Given the fact that data is an electric circuit of ones and zeros, flowing at the speed of light, could we technically send information across time?

  • @[email protected]
    link
    fedilink
    131 year ago

    Well, I’m going to give the party-pooper response, even though science fiction and pop-science love to fantasize differently:

    The past and the future are theoretical concepts. They don’t actually exist in the sense that you can ‘send’ something to them.
    Obviously, you can write data to a hard drive and then read it out after a week has passed, but presumably that is not what you had in mind.

    But that’s also the essence of the time travel that the theory of general relativity allows. You can travel forwards more slowly along the time axis by travelling more quickly on the space axis (close to the speed of light), which means you might just need to spend 5 perceived years to end up in the year 2200.
    Similarly, you could take a hard drive onto this journey and it wouldn’t have fallen apart in that time.

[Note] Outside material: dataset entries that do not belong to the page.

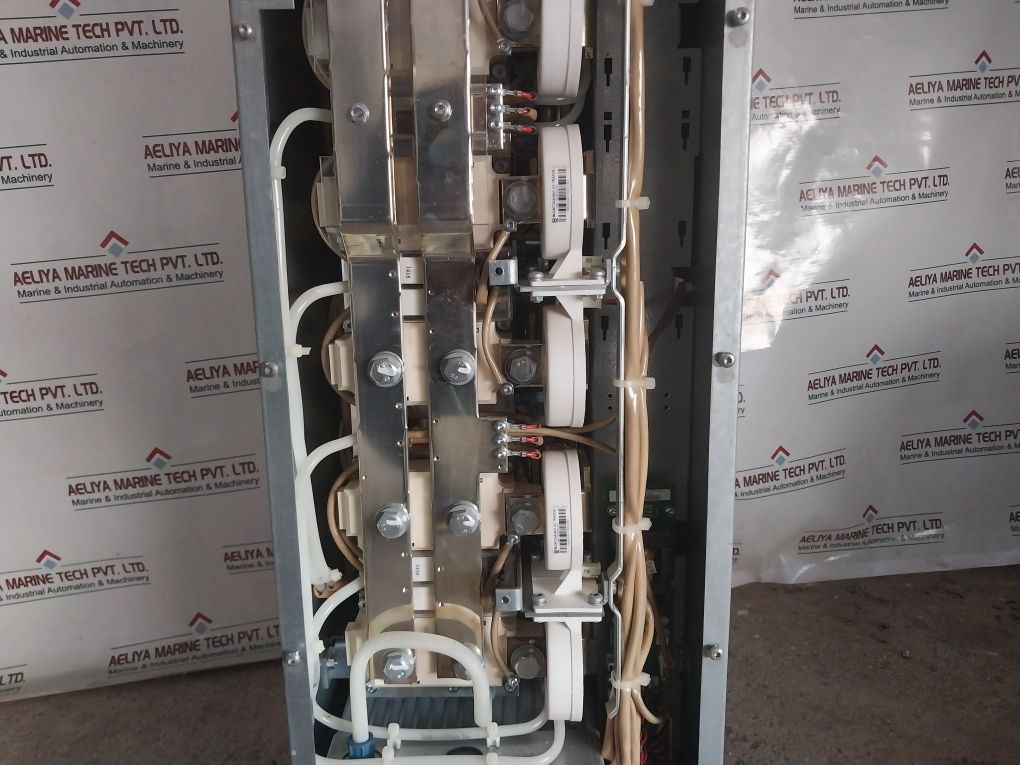 Abb Acs800-704Lc-2150-7 2200 Adc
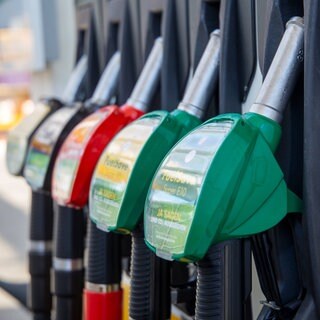 Zapfsäule einer Shell-Tankstelle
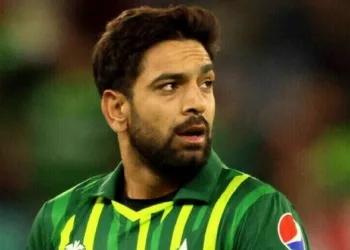 ഫോമിൽ ഒന്നും അല്ലെങ്കിലും ഇന്ത്യയെ തീർക്കാൻ ഞങ്ങൾക്ക് ബുദ്ധിമുട്ടില്ല, രണ്ട് മത്സരങ്ങളിലും തോൽപ്പിക്കും; വെല്ലുവിളിച്ച് ഹാരിസ് റൗഫ്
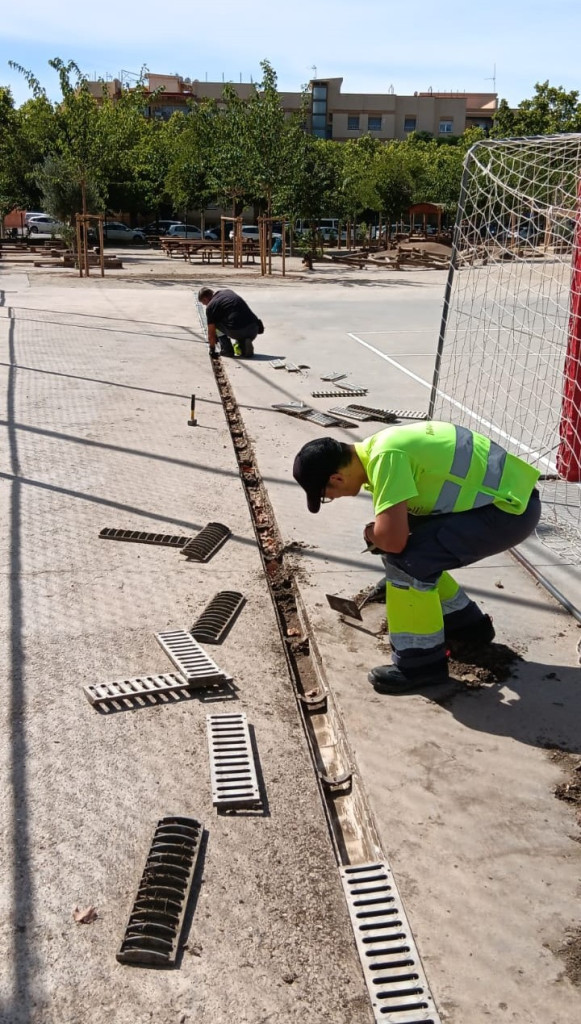 A punt per l'inici del curs escolar 2025-2026! Un any més, durant l'estiu hem treballat en la millora a les instal·lacions dels centres educatius d'Abrera. Escola Ernest Lluch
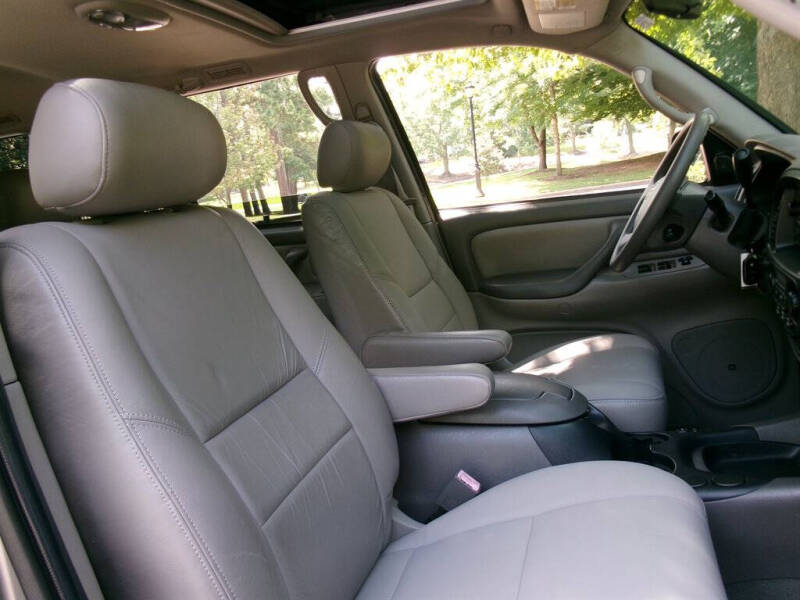 2003 Toyota Sequoia SR5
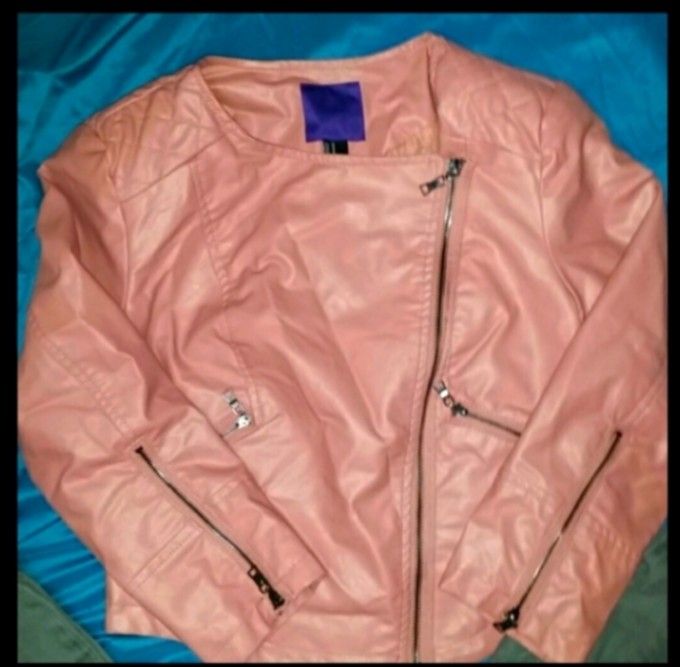 Cropped faux leather PINK jacket MEDIUM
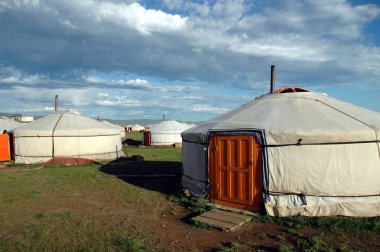 Mongolias Gobi Çölü 'ndeki Urguu ger kampı 'nda Yurts.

    Travelling back in time makes no sense in general relativity. You would need to reverse causality for that, which is on an entirely different level from merely slowing causality down.

    General relativity would mathematically allow for the existence of wormholes, but that’s pushing the theory to extremes where it might simply not be applicable to reality anymore. We certainly have no actual evidence for wormholes.

    • @Zippy
      link
      2
      edit-2
      1 year ago

      Even wormholes break causality. Doesn’t matter the method, folding space, black holes, if you can arrive at a destination faster that light thru normal space can get there, you can know of things before they occurred.

      • @[email protected]
        link
        fedilink
        11 year ago

        Hmm, but why do you think these things haven’t occurred yet?

        As far as I can tell, the speed of causality means things can have occurred in a certain location in the universe, but it takes time until the effects have permeated into the rest of the universe.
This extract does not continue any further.